Risk of the highest quartile (Q4) of systolic blood pressure (BP)-standard deviation (SD) on adverse events compared with the lowest quartile (Q1) in patients with atrial fibrillation (AF). A, Thromboembolism; B, Major bleeding; C, All-cause death; D, Composite events. AFFIRM Study [8]: Systolic BP-SD quartiles are Q1, <10.09; Q2, 10.09–13.85; Q3, 13.86–17.33; and Q4, ≥17.34 mmHg. Thromboembolism includes stroke while composite events include stroke, major bleeding, or cardiovascular death. Hazard ratios were adjusted for congestive heart failure, hypertension, age, diabetes mellitus, stroke/transient ischemic attack (TIA), myocardial infarction, peripheral arterial disease, sex, warfarin use, time in therapeutic range, hepatic/renal disease, pulmonary disease, and randomized treatment.
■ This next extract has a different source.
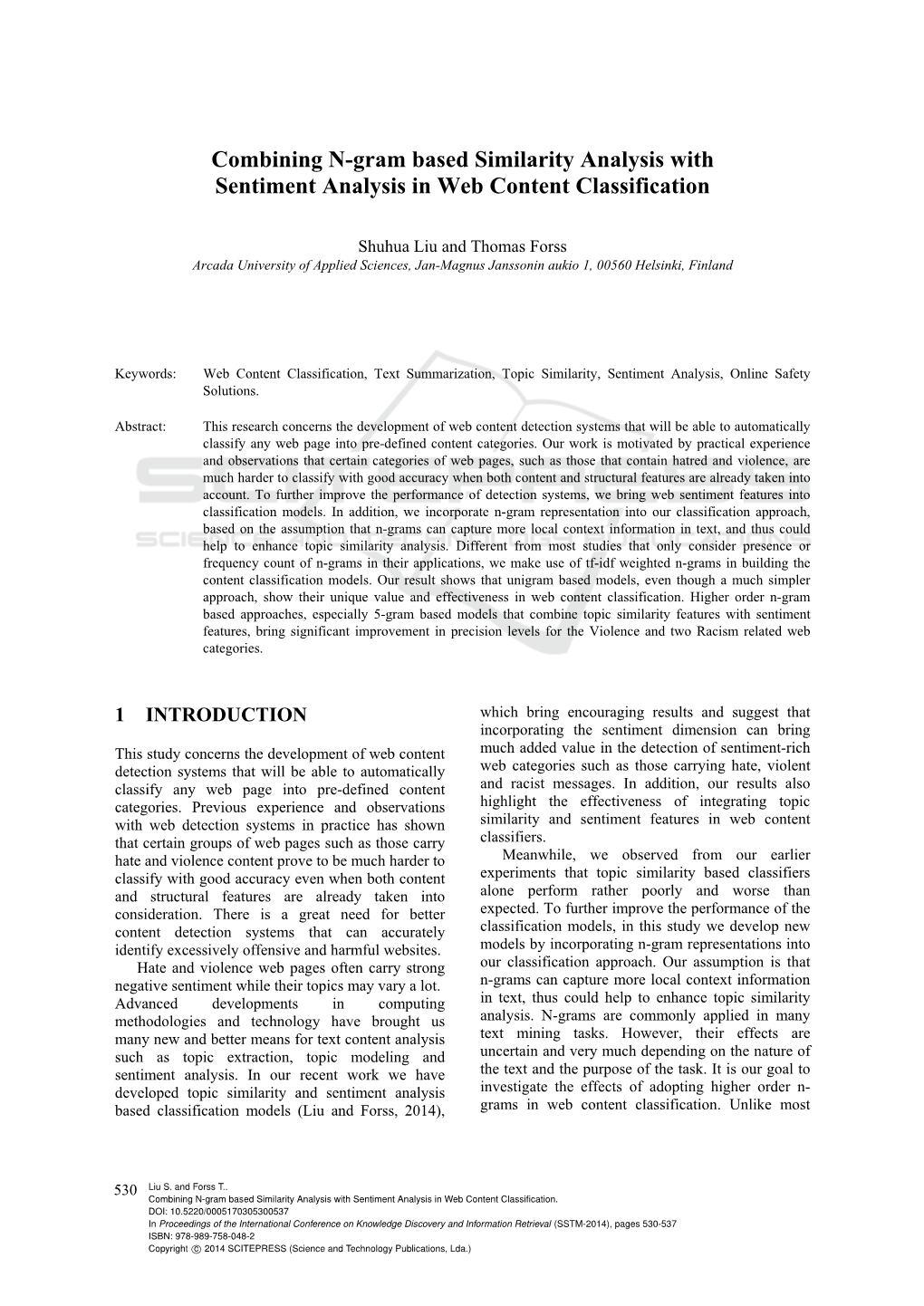 Combining N-Gram Based Similarity Analysis with Sentiment Analysis in Web Content Classification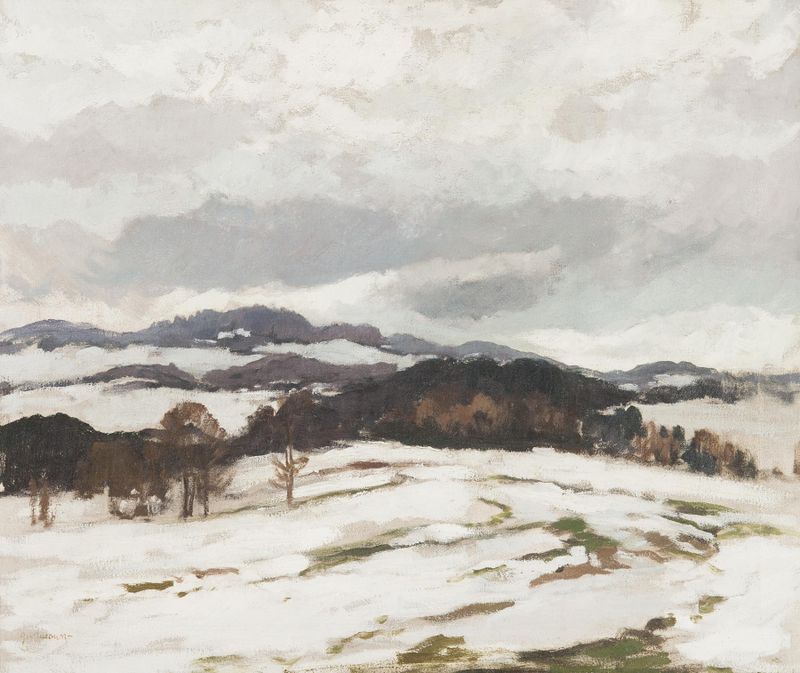 Early Spring by Gustav Macoun, an impressionist landscape with soft pastels.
J-RHYTHM Registry [9]: The systolic BP-SD quartiles are Q1, <8.20; Q2, 8.20–10.49; Q3, 10.50–13.19; and Q4, ≥13.20 mmHg. Thromboembolism includes ischemic stroke, TIA, or systemic embolism (SE), and composite events include ischemic stroke, TIA, or SE, major bleeding, or all-cause death. Hazard ratios were adjusted for congestive heart failure, hypertension, age, diabetes mellitus, stroke/TIA, coronary artery disease, sex, warfarin and antiplatelet use, AF type, BP measurement times, creatinine clearance, body mass index, and hemoglobin levels. COOL-AF Registry [14]: The systolic BP-SD quartiles are Q1, 0.58–9.09; Q2, 9.11–12.15; Q3, 12.17–16.21; and Q4, 12.17–16.21 mmHg. Thromboembolism includes ischemic stroke or SE, and composite events include ischemic stroke, SE, or all-cause death. Hazard ratios were adjusted for age, sex, AF type, symptomatic AF, baseline systolic BP, history of heart failure, coronary artery disease, cardiac implantable electronic device, history of stroke/TIA, hypertension, diabetes, smoking, dyslipidemia, renal replacement therapy, dementia, chronic kidney disease, history of bleeding, antiplatelet use, anticoagulant type and CHA₂DS₂-VASc score. For the analysis of major bleeding, the HAS-BLED score was included. Generated from [8, 9], and [14]

Accordingly, AF would not become a reason to exclude patients from studies using BP data. In addition to patients with sinus rhythm, those with AF may be suitable target for studies on BP variability.